Effect of Nb Addition to Ti-Bearing Super Martensitic Stainless Steel on Control of Austenite Grain Size and Strengthening

Abstract

The role of Nb in normalized and tempered Ti-bearing 13Cr5Ni2Mo super martensitic stainless steel is investigated through in-depth characterization of the bimodal chemistry and size of Nb-rich precipitates/atomic clusters and Nb in solid solution. Transmission electron microscopy and atom probe tomography are used to analyze the samples and clarify precipitates/atom cluster interactions with dislocations and austenite grain boundaries. The effect of 0.1 wt pct Nb addition on the promotion of (Ti, Nb)N-Nb(C,N) composite precipitates, as well as the retention of Nb in solution after cooling to room temperature, are analyzed quantitatively. (Ti, Nb)N-Nb(C,N) composite precipitates with average diameters of approximately 24 ± 8 nm resulting from epitaxial growth of Nb(C,N) on pre-existing (Ti,Nb)N particles, with inter-particle spacing on the order of 205 ± 68 nm, are found to be associated with mean austenite grain size of 28 ± 10 µm in the sample normalized at 1323 K (1050 °C). The calculated Zener limiting austenite grain size of 38 ± 13 µm is in agreement with the experimentally observed austenite grain size distribution. 0.08 wt pct Nb is retained in the as-normalized condition, which is able to promote Nb(C, N) atomic clusters at dislocations during tempering at 873 K (600 °C) for 2 hours, and increases the yield strength by 160 MPa, which is predicted to be close to maximum increase in strengthening effect. Retention of solute Nb before tempering also leads to it preferentially combing with C and N to form Nb(C, N) atom clusters, which suppresses the occurrence of Cr- and Mo-rich carbides during tempering.

Appendices

Appendix A

$$ f = \frac{{V_{\text{MN}} }}{{V_{\text{MN}} + V_{\text{Fe}} }}, $$

(A.1)

where V _MN is the volume of precipitated MN and V _Fe is the volume of ferrite. The volume V of a given mole X of a material can be calculated as

$$ V = X\frac{{N_{\text{a}} }}{{N_{\text{u}} }}V_{\text{u}}, $$

(A.2)

where X is mole of the material; N _a is the Avogadro’s number; N _u is the number of atoms per unit cell of the materials (N _u is 4 for MN precipitate and austenite Fe, and 2 for ferritic Fe, respectively); V _u is the volume of the unit cell of the material and cube of the lattice parameter for MN. (Lattice parameter: 0.359 nm for austenite Fe, 0.286 nm for ferrite Fe, 0.425 nm for TiN, 0.443 nm for NbC)

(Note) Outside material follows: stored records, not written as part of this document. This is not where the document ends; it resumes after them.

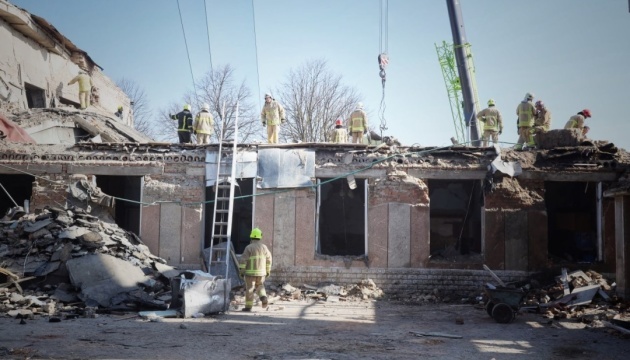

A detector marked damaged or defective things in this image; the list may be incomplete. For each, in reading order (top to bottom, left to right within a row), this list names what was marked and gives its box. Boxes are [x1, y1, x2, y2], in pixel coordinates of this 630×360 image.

broken window opening [23, 82, 45, 108]
broken window opening [0, 174, 33, 217]
broken window opening [95, 175, 143, 236]
broken window opening [207, 179, 256, 255]
broken window opening [318, 177, 368, 256]
broken window opening [430, 179, 484, 262]
broken window opening [548, 181, 604, 262]
broken concrete slab [66, 253, 151, 306]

$$ X_{\text{MN}} = X_{\text{M}} + X_{\text{N}} ,\quad {\text{where}}\;X_{\text{M}} = \frac{{m_{\text{M}} }}{{P_{\text{M}} }},\quad X_{\text{N}} = \frac{{m_{\text{N}} }}{{P_{\text{N}} }}, $$

(A.3)

where m is mass of a material and P is the atomic weight of the material.

For assumption of stoichiometric ratio between M and N, X _M = X _N.

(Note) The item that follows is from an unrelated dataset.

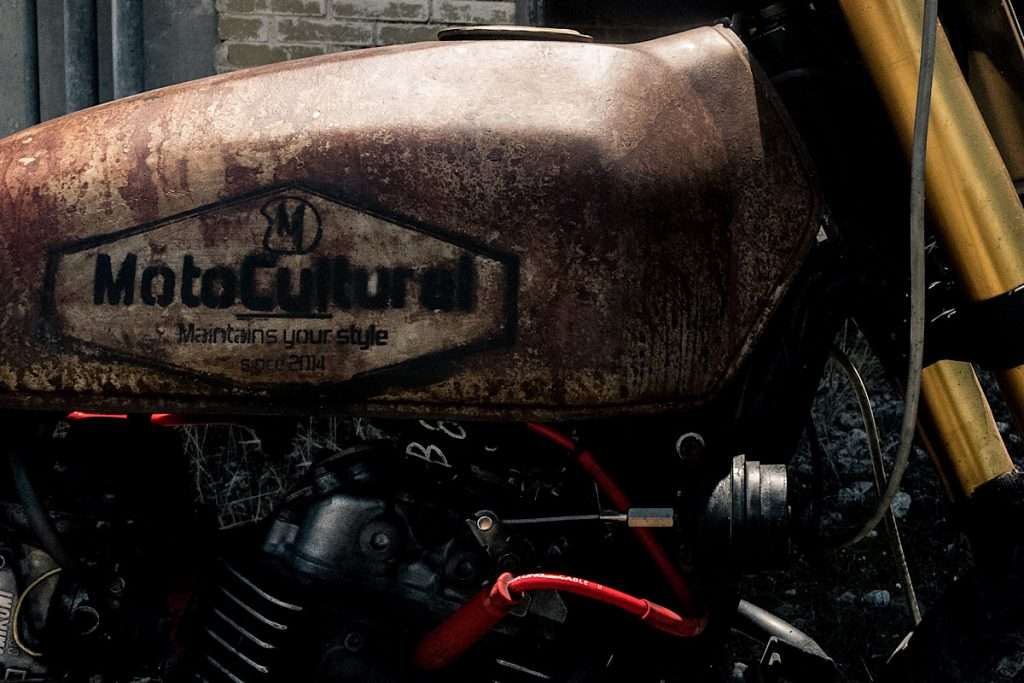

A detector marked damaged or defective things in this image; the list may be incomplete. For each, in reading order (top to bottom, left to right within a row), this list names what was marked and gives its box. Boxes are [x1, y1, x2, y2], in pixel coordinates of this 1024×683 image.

$$ V_{\text{MN}} { = }\left( {\frac{{m_{\text{M}} }}{{P_{\text{M}} }} + \frac{{m_{\text{N}} }}{{P_{\text{N}} }}} \right)\frac{{N_{\text{a}} }}{{N_{\text{u}} }}V_{\text{u}} { = 2}\left( {\frac{{m_{\text{M}} }}{{P_{\text{M}} }}} \right)\frac{{N_{\text{a}} }}{{N_{{{\text{u}}_{\text{MN}} }} }}V_{{{\text{u}}_{\text{MN}} }} ,V_{\text{Fe}} = \frac{{m_{\text{Fe}} }}{{P_{\text{Fe}} }}\frac{{N_{\text{a}} }}{{N_{{{\text{u}}_{\text{Fe}} }} }}V_{{{\text{u}}_{\text{Fe}} }} , $$

(A.4)

Therefore, volume fraction of MN can be calculated by substituting all values in Eq. [A.1].

Appendix B

The Ashby–Orowan equation can be expressed as

$$ \Delta \sigma_{1} = \frac{{0. 8\,{\text{MGb}}}}{{ 2\pi \sqrt { 1 { - }\upsilon } \lambda }}\ln \left( {\frac{x}{2b}} \right), $$

(B.1)

where M is the Taylor factor, taken as 2.75; υ is the Poisson’s ratio, taken as 0.293; G is the Shear modulus of low carbon steel, 79,600 MPa; b is the Burger’s vector, 0.248 nm; λ is the inter-spacing of particles on slip plane.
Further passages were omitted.